One of the claims I make in the metaphors book I’m about to send off is that they provide a much needed route for creativity for practitioners in learning technology. I think this is important for two reasons: 1) it lets us think about ed tech in different ways; 2) people working in learning tech are creative people, often from other disciplines, who need some release from the daily grind of releases, roadmaps, support, etc. As Jim Groom likes to argue, the original open web was a creative space, and we can all do with a bit of creativity in our approach to teaching.
So, it’s rather ironic for me that the writing of this book has demonstrated how much creativity is under pressure in the current context. I booked a not unreasonable 15 days study leave to complete the book. But, like so many people, I have a number of different roles at the OU. Each of these needed attention, with the result that of my 15 allocated days, I managed just two devoted to the book.
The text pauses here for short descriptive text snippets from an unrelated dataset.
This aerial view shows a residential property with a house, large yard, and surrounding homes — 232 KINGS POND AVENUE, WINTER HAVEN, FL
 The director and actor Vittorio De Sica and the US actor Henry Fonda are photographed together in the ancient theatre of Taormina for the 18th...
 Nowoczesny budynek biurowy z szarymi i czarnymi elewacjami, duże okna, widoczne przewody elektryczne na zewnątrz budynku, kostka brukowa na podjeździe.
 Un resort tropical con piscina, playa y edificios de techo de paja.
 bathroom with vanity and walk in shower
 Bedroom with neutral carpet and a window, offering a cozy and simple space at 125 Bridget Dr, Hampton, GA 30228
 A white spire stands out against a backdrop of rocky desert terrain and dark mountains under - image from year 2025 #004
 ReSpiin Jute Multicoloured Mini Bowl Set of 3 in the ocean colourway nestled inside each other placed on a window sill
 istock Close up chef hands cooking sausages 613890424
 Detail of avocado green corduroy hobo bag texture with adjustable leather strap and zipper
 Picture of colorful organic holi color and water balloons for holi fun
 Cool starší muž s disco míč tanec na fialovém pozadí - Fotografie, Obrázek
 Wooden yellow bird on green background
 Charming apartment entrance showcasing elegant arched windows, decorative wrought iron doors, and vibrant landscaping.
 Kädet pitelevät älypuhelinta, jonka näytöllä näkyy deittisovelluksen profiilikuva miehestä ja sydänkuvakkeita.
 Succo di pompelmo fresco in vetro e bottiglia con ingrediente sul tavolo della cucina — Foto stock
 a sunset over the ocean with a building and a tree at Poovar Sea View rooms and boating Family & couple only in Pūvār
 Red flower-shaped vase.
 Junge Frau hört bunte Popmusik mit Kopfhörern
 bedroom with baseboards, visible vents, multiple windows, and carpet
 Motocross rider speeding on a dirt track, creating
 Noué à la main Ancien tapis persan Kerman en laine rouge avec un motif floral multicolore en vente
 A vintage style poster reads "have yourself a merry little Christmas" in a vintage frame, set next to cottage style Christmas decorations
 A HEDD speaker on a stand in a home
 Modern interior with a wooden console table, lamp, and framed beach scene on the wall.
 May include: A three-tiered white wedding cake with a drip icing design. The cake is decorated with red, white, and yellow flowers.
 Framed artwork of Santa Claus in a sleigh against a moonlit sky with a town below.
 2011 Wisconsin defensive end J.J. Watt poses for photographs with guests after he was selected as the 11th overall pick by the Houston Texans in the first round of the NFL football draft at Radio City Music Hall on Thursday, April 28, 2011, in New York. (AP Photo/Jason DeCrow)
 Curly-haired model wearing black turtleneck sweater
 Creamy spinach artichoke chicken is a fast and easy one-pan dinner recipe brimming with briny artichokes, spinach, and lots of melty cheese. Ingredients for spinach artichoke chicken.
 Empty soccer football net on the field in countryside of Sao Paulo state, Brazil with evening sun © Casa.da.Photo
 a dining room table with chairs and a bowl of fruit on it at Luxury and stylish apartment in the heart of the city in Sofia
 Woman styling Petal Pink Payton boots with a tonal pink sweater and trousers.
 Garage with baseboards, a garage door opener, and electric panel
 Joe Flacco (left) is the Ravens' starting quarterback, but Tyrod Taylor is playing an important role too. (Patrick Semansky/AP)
Part of the reason I write books is because I like the process of writing books. In the past I’ve taken myself off for a week or two to somewhere romantically windswept and hunkered down in a creative burst, accompanied only by my dog and big box of wine. This is a productive way to work, I wrote my last two books pretty much in two week sprints like this. But perhaps just as importantly, it provides an antidote to the less creative, more quotidian aspects of the job. These aspects are important and necessary, but I like to balance them out. But this recent attempt at writing illustrated just how dominant they are now. This transformed the writing process from something I relish to yet another task I needed to fit in around meetings. This feels like both a personal and systemic failure, and in pandemic time it’s rather done me in. Higher education shouldn’t become a system designed to eradicate all traces of joy.
I know how whiny and privileged this sounds, compared with people with horrendous working conditions (eg imagine working for Arise), my life is luxurious. But it’s something I hear from lots of colleagues across all universities. We know meetings, reporting, quality monitoring, etc are all important, but people need some space for creativity, for their benefit, students and the institution.